== HOW TO COMPLETE THIS TASK ==
Line by line, repeat the material below exactly and leave the images out.

DATA EXCERPT Block Start

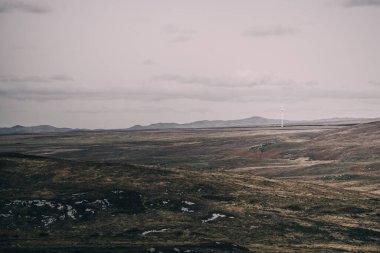 Islay Adası 'nın kayalık kıyıları ve vadilerin panoramik manzarası. Inner Hebrides, İskoçya, İngiltere. Idyllic manzara. Seyahat yerleri, ulusal dönüm noktası, eğlence, çevresel koruma
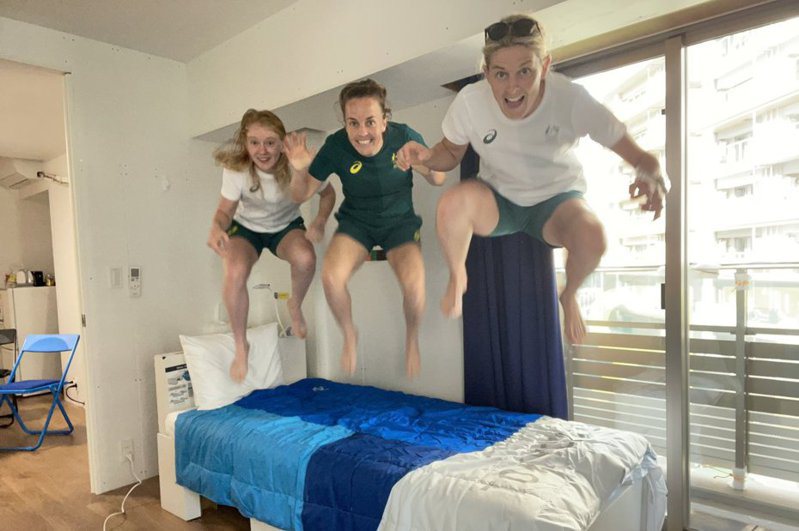 澳洲曲棍球隊的3位球員po出像在跳彈簧床的照片，測試紙板床耐重度。 截圖自推特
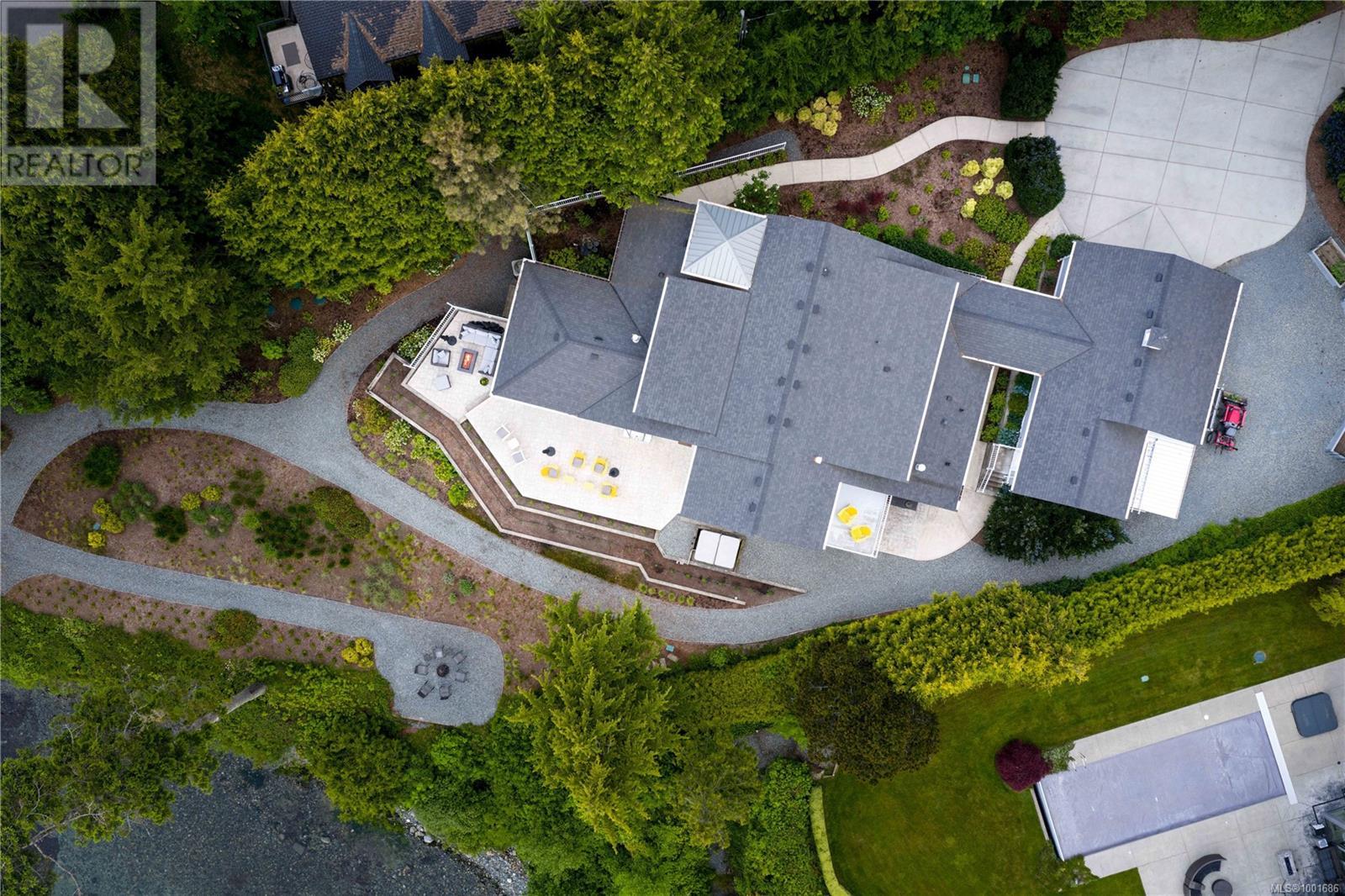  8401 Lochside Drive, Central Saanich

DATA EXCERPT Block End

== OUTPUT OF THE TASK ==
 Islay Adası 'nın kayalık kıyıları ve vadilerin panoramik manzarası. Inner Hebrides, İskoçya, İngiltere. Idyllic manzara. Seyahat yerleri, ulusal dönüm noktası, eğlence, çevresel koruma
 澳洲曲棍球隊的3位球員po出像在跳彈簧床的照片，測試紙板床耐重度。 截圖自推特
  8401 Lochside Drive, Central Saanich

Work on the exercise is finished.